This exercise calls for the whole listing to be given again exactly, without images.

- RECORDED DATA:
● ● ● ● ●
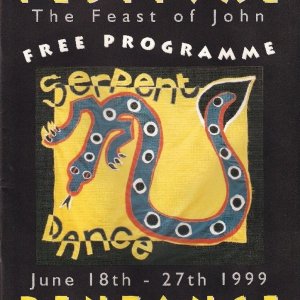 The 1999 Golowan Programme design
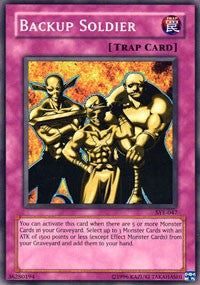 Backup Soldier [Starter Deck: Yugi Evolution]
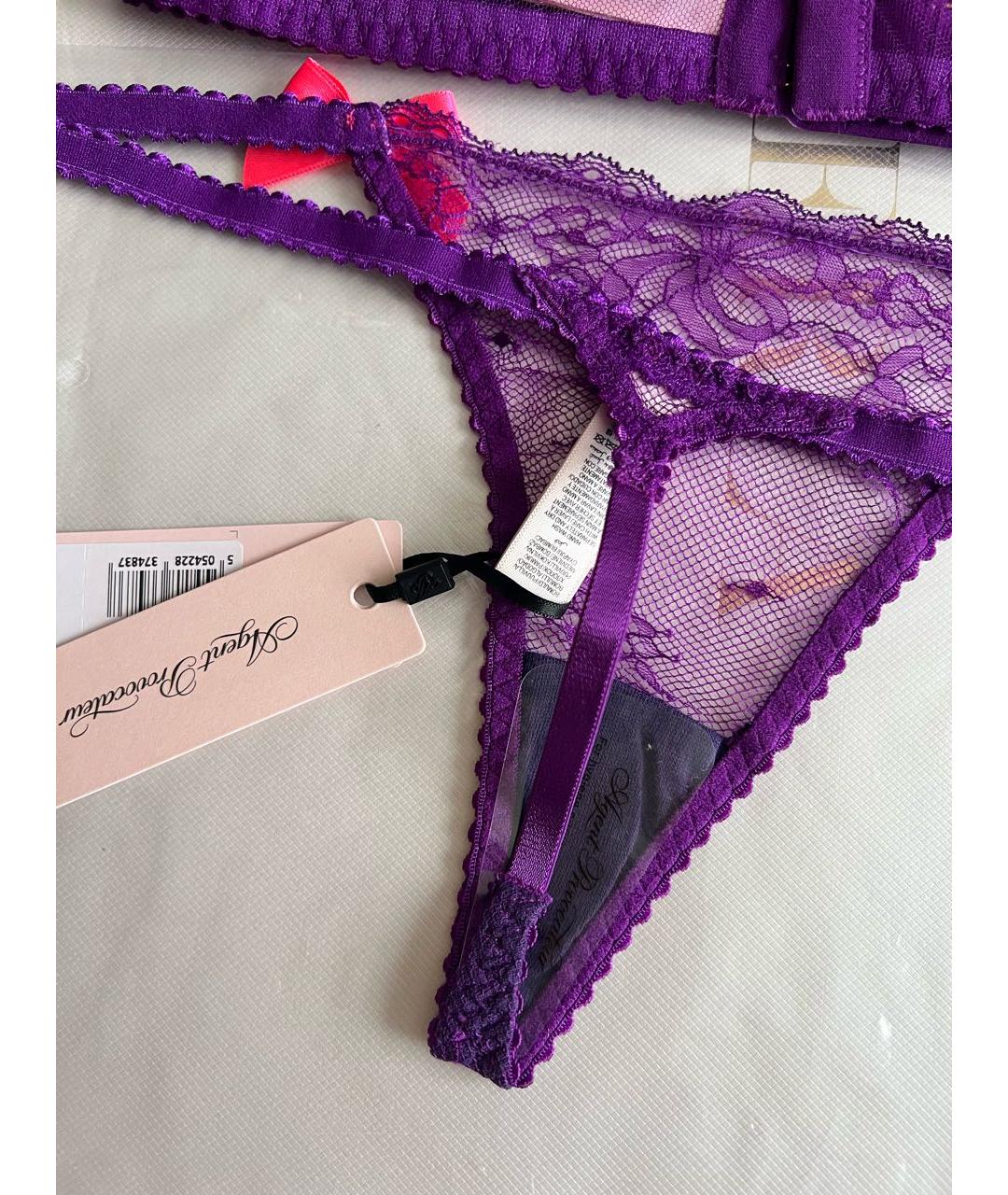 AGENT PROVOCATEUR Фиолетовый комплекты, фото 8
● ● ● ● ●
- PROBLEM SOLUTION:
 The 1999 Golowan Programme design
 Backup Soldier [Starter Deck: Yugi Evolution]
 AGENT PROVOCATEUR Фиолетовый комплекты, фото 8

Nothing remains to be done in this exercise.